The City of Wrangell has issued a shelter in place order amid the spread of coronavirus. The city expects folks to take the message to heart, but it has little power for widespread enforcement.

At an impromptu meeting Sunday, the Wrangell assembly unanimously voted in favor of a “shelter in place” order. This is similar to statewide mandates in New York and California, and now, in Alaska municipalities like Ketchikan and Sitka.

Wrangell’s take on this looks like efforts throughout the nation. Residents should only leave their homes for grocery shopping, checking the mail box, filling prescriptions and other essential activities.

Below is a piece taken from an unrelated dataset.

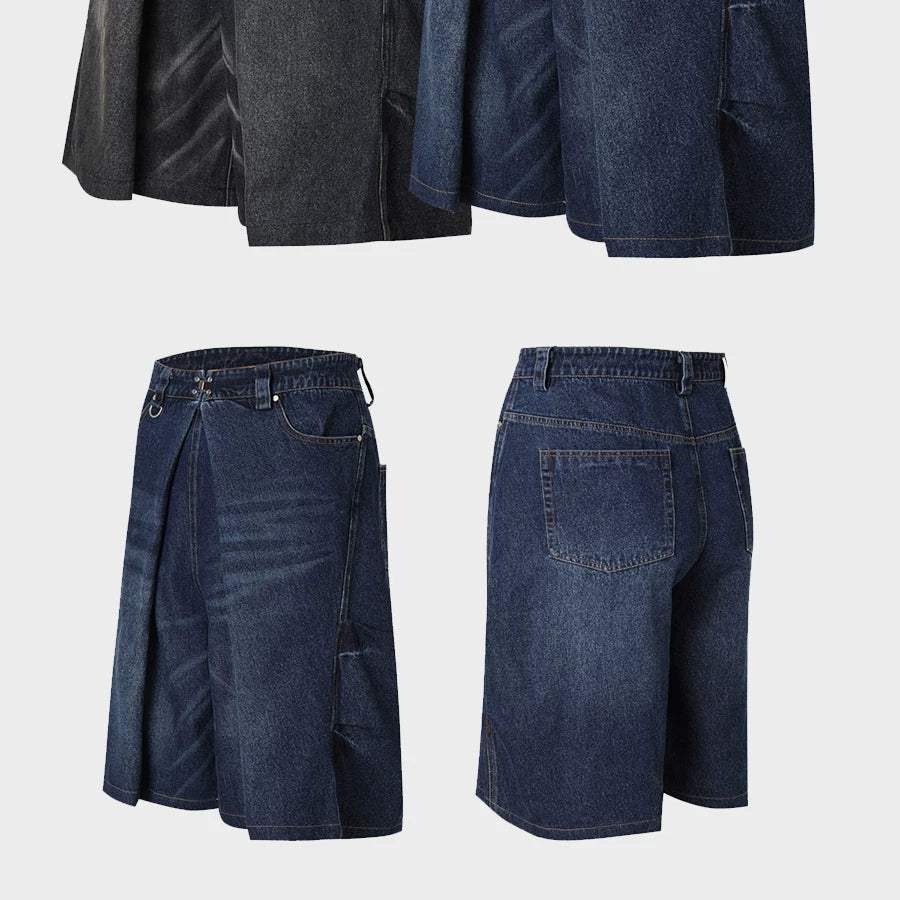 Special Waistband Tailored Washed Denim Shorts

Likewise, if you provide an essential service at your job, expect to keep working.

“If you are in what I’d call the supply chain, we need to keep stores open,” Mayor Steve Prysunka says. “By no means is this meant to shut down those organizations and businesses.”

If workplaces can function remotely, then there’s no need to shut down.

City officials reiterated this does not limit folks from outdoor activities, just outdoor gatherings.

The city issued its first local mandate last week, which banned gatherings or ten or more people.  Since then, the city has discussed how these measures can actually be enforced.

“We cannot create a law that puts people in jail for what we’re doing,” Prysunka says. “At the end of the day, to be honest with everyone, this is voluntary.”

Police can issue warnings, fines and misdemeanor charges. The police told KSTK Friday that it had not had not issued any fines or charges at that time.

The city has been direct with businesses, regarding its expectations. The city reached out to bars and restaurants last week. The city says Sealevel, Alaska Crossings, and the Forest Service have been asked to not bring any new personnel or clients to the island.

The mandate is in effect indefinitely as of Sunday at 6pm. As of Sunday evening, there are no cases of coronavirus on the island.